[Assignment]
Start at the first line of the material. Repeat each line exactly through the one containing "ai character: Muichiro, Babysit background", then stop.

[Records supplied]
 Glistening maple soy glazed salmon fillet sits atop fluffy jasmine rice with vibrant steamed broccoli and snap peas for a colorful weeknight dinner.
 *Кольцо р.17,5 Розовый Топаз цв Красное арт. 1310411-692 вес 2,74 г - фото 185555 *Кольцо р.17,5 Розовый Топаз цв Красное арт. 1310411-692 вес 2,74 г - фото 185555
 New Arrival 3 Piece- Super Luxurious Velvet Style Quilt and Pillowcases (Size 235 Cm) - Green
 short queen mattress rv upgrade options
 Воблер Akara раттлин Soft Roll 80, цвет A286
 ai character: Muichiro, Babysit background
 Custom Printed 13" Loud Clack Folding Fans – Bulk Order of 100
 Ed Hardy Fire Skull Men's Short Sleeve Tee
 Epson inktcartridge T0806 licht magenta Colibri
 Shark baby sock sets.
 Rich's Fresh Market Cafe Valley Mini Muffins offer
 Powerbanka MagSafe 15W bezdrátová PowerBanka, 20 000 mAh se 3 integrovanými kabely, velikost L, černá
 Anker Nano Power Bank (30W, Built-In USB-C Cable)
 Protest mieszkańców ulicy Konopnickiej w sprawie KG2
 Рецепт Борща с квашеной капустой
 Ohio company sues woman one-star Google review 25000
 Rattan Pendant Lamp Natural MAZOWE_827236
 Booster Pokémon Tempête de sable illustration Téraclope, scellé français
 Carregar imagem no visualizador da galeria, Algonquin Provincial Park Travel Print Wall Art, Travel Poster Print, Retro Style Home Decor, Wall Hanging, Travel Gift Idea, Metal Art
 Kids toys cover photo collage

[Exercise output]
 Glistening maple soy glazed salmon fillet sits atop fluffy jasmine rice with vibrant steamed broccoli and snap peas for a colorful weeknight dinner.
 *Кольцо р.17,5 Розовый Топаз цв Красное арт. 1310411-692 вес 2,74 г - фото 185555 *Кольцо р.17,5 Розовый Топаз цв Красное арт. 1310411-692 вес 2,74 г - фото 185555
 New Arrival 3 Piece- Super Luxurious Velvet Style Quilt and Pillowcases (Size 235 Cm) - Green
 short queen mattress rv upgrade options
 Воблер Akara раттлин Soft Roll 80, цвет A286
 ai character: Muichiro, Babysit background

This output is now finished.